Source: Cyclingnews News Headlines

MCipollini RB1000 – First ride review

Legendary Italian sprinter Mario Cipollini has kept himself busy since retiring from the pro peloton in 2008. The fruit of his post-pro labour is the MCipollini bike line, with the flagship RB1000 the plum product. It has the potential to be a peach of a bike too, built around an all-Italian package of Campagnolo Super Record, FSA K-Force Light tubular aero wheels and K-Force finishing kit.

The RB1000’s geometry and tube shapes make it apparent this bike has a single purpose – to go fast. The down tube is shaped around the front wheel for aero efficiency, the seat tube curving around the rear to complement the front, and the super-shallow head tube (127mm on our 56cm test bike) gives a really low front end.

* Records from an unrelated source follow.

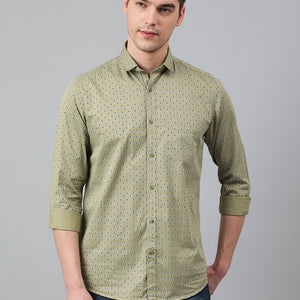 Men Dark Khakhi Standard Fit Printed Casual Shirt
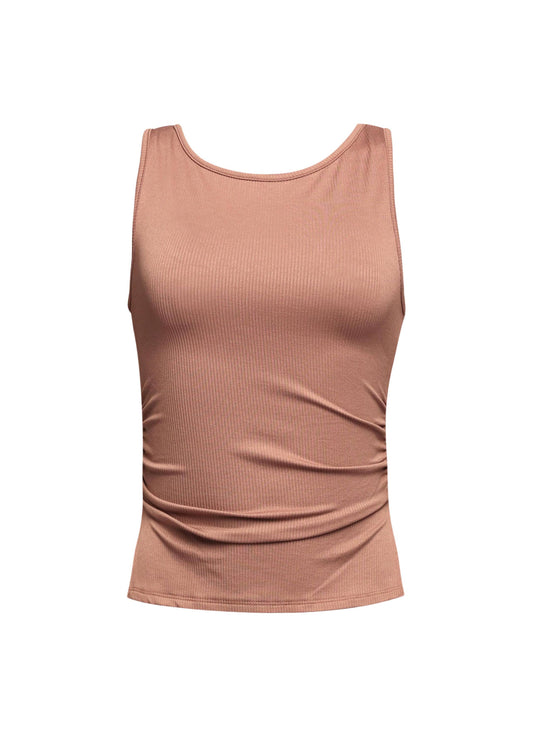 Sleeveless boat neck rib top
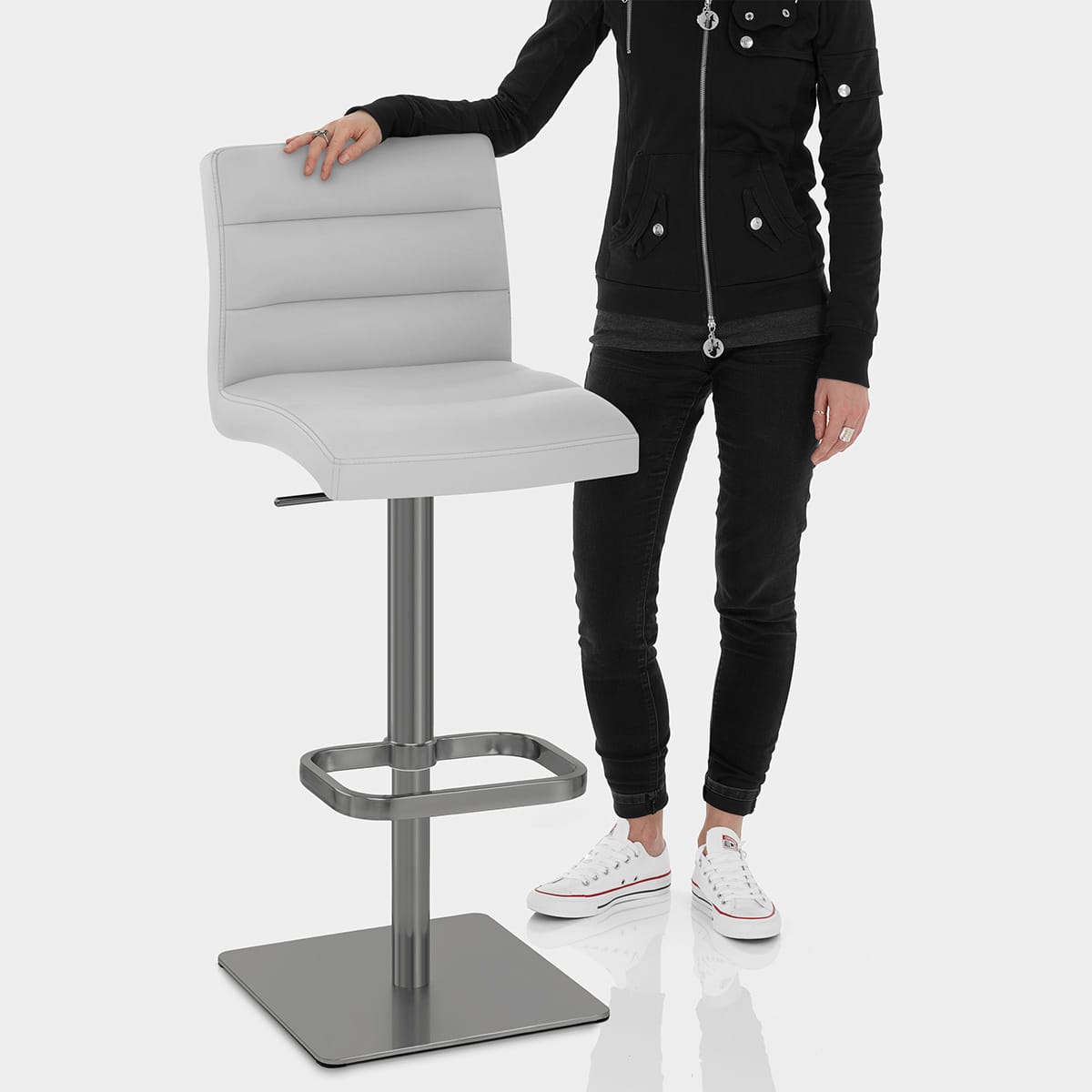 Lush Real Leather Graphite Stool Light Grey Features Image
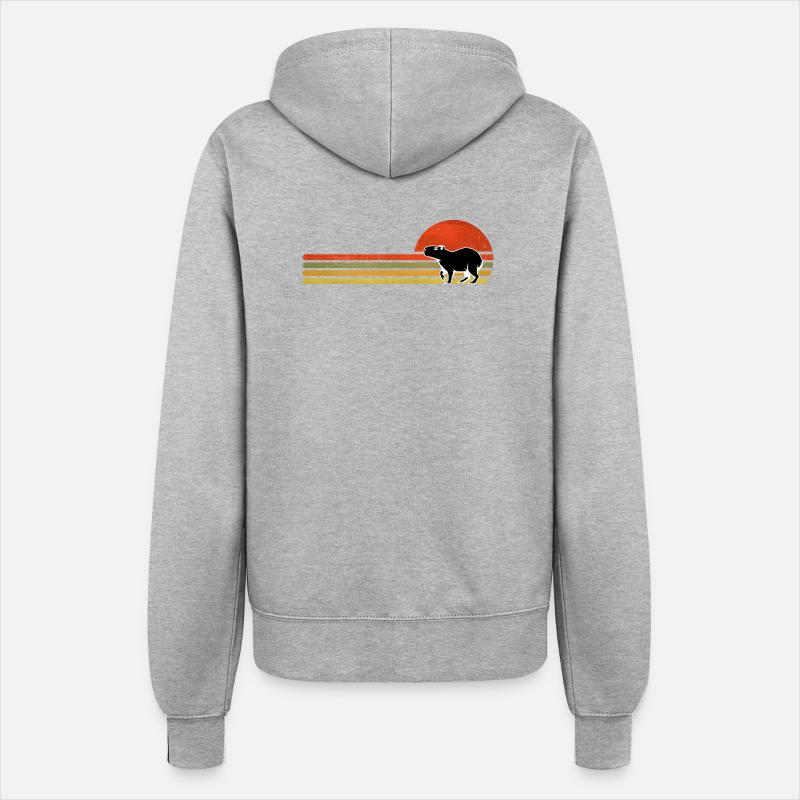 Retro Capybara Sunset Silhouette - Women’s Hooded Jacket - heather grey
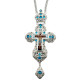 Priest's pectoral cross made of brass in silver plated with chain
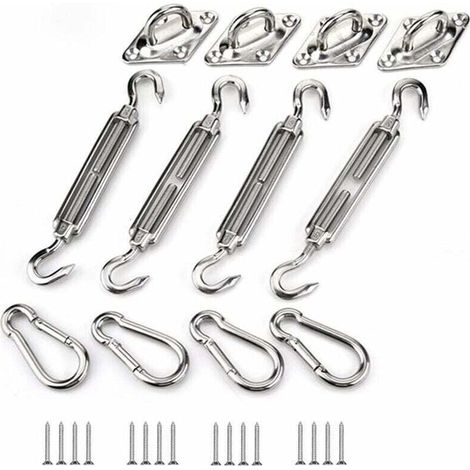 Kit de Fixation pour Voile D'ombrage, Acier Inoxydable Soleil Voile D'ombrage Kit de Fixation pour Triangle et Carré, Rectangle, du Soleil Voile D'ombrage Accessoires de Fixation M8 (1/4)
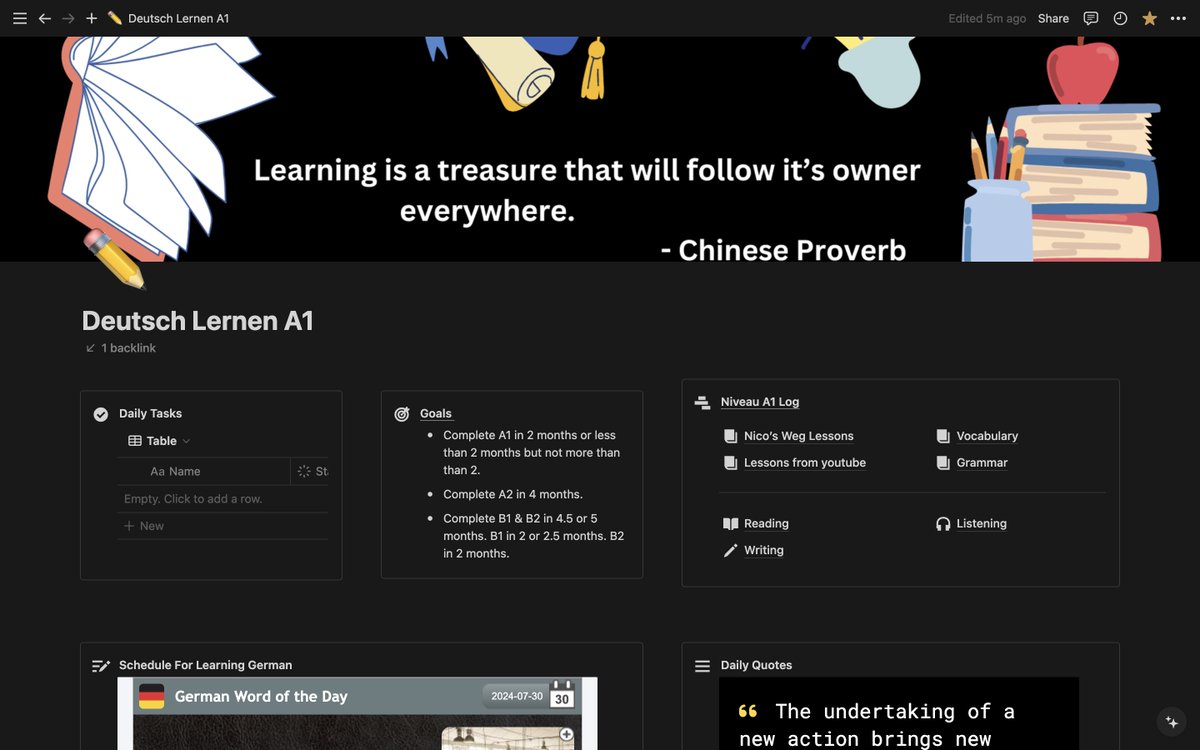 My Deutsch lernen A1 notion Template. It's still on work. 
#notion #notiontemplate #german #language
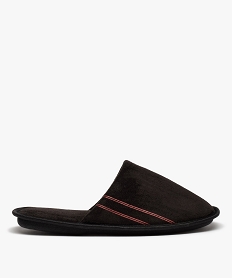 GEMO Chaussons homme mules plates en velours ras uni noir standard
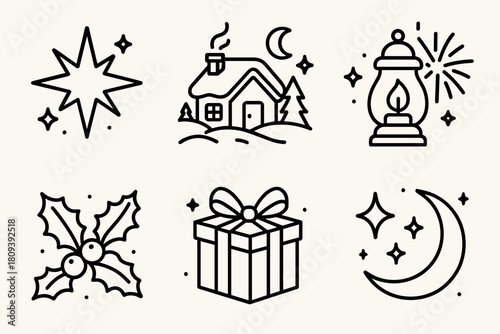 Festive Iconic Glow. Holiday Magic Glow linear icon set. Christmas star, snowy cabin, lantern, fireworks, holly, gift, sparkle, moonlight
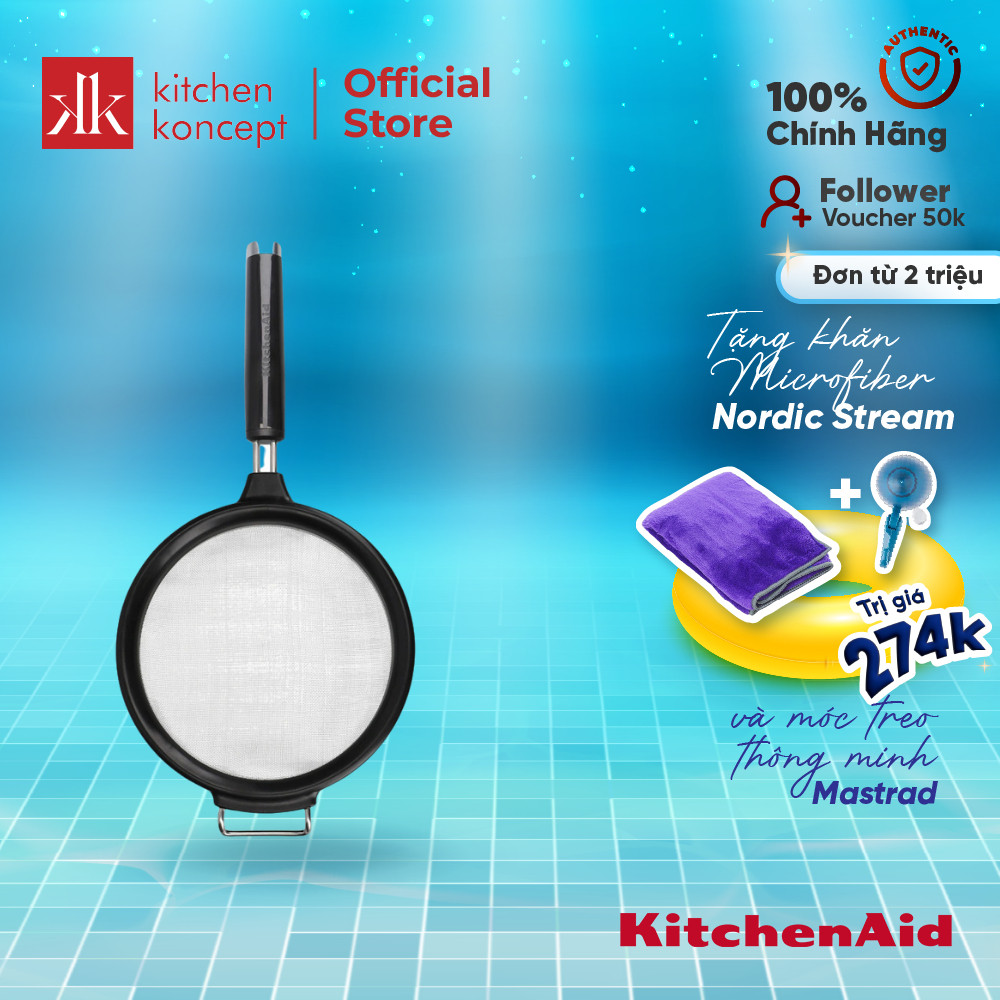 KitchenAid - Rây Bột Lưới Inox - Màu đen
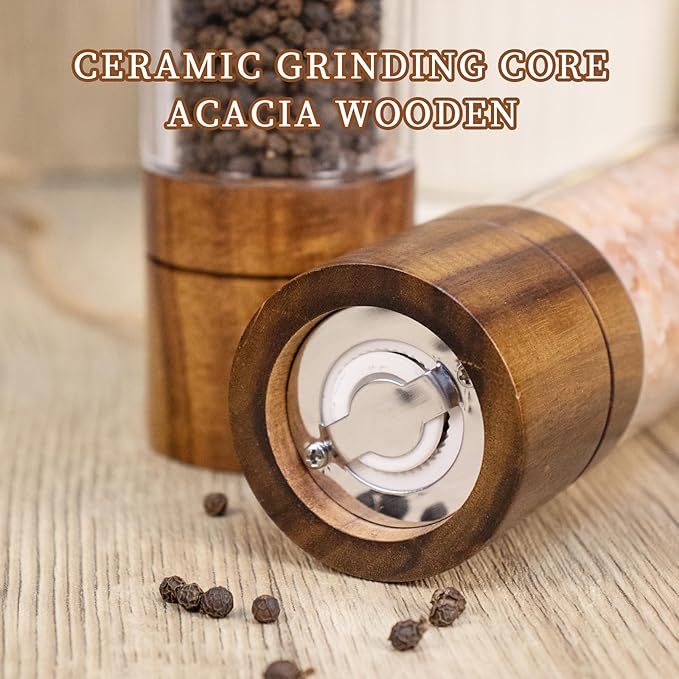 Acacia Wood Salt Grinder and Pepper Grinder Set Premium Acrylic Salt and Pepper Mill Set, Manual Salt and Pepper Mills- Wooden Shakers with Adjustable Ceramic Core 8 Inches 2 Pack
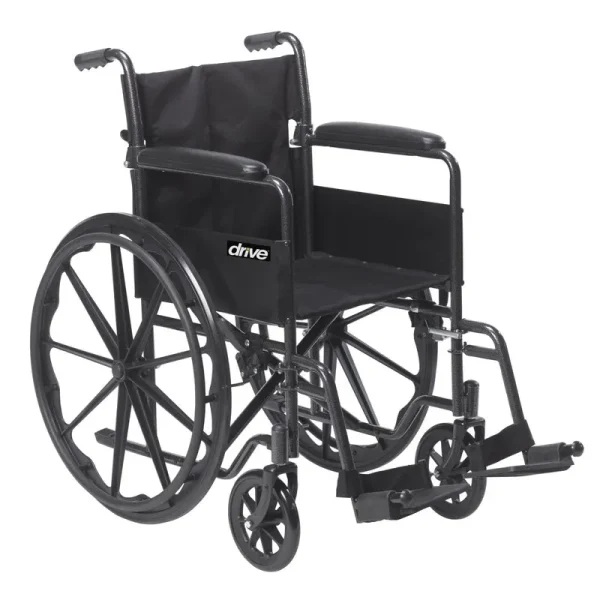 Drive Medical Silver Sport 1 Wheelchair with Full Arms and Swing Away Removable Footrest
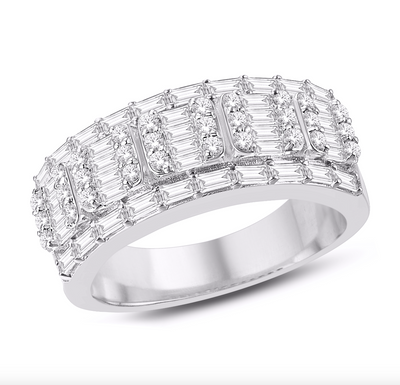 Half Eternity Baguette Diamond Men's Band Ring (1.50CT) in 14K Gold - Size 7 to 12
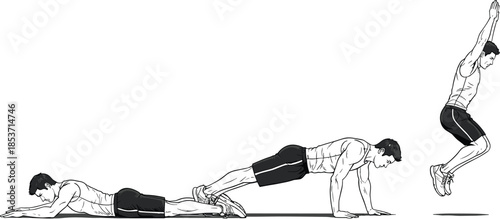 Burpee exercise movement sequence illustration showing floor push up, plank, and explosive jump technique demonstrated by male athlete illustrated in clean black line art vector style isolated on whit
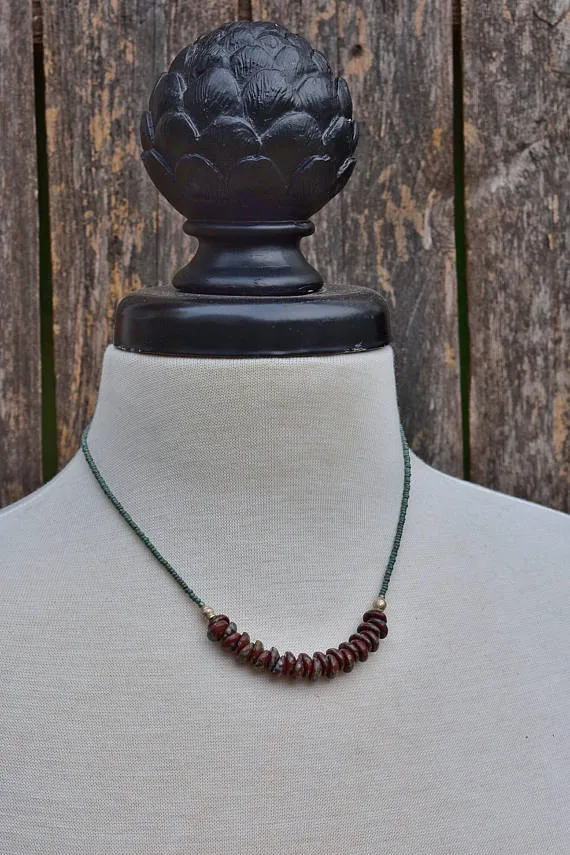 Red necklace, boho jewelry, boho necklace, unique jewelry, Czech glass jewelry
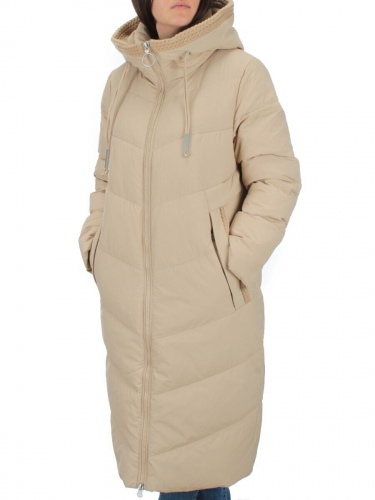 126 BEIGE Пальто зимнее женское (200 гр. холлофайбер) размер 46/48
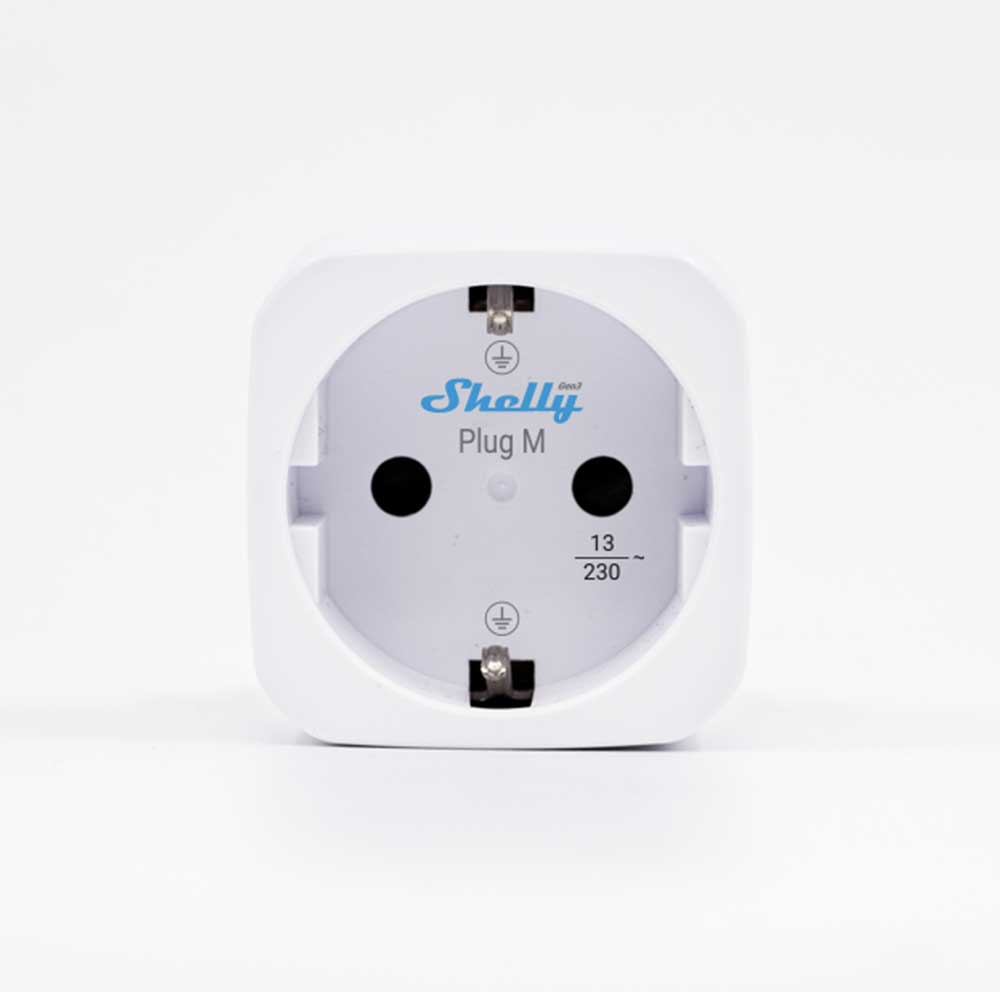 Shelly Plug & Play Plug M Gen3 White Smarter Zwischenstecker 13A Messfunktion WLAN BT weiß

With an oversized, tapered 1½-1¼in head tube to keep the front end planted, this is a machine with a seriously aggressive position. On the road the RB1000 has a superb ability to hold onto speed, partly due to the efficiency of the chassis and partly down to the superb FSA K-Force wheels – deep-section carbon tubulars that are remarkably unaffected by sidewinds.

The RB1000’s riding position feels close to a full-on time trial bike that just happens to have a standard drop bar, but the handling is more akin to a road bike, with a longer and shallower fork slowing down the steering and eliminating toe overlap. The massively oversized head tube and steerer combo creates a taut bike that’s brilliant at holding its line and is great fun to ride hard.

With a structure that appears this overbuilt and stiff you might expect comfort and weight penalties but, at 6.99kg, it’s as light as you’d ever need, and comfort, at least in respect of road buzz and vibration damping, is remarkably good.

That said, we wouldn’t want to spend all day on the RB1000 as the aggressive position, with its large saddle-to-bar drop, means you’re always in an ‘attack’ position. This puts a lot of pressure on your lower back and it’s not easy to sit up. For time trialling, road racing or the occasional triathlon, though, the RB1000 could be the perfect bike.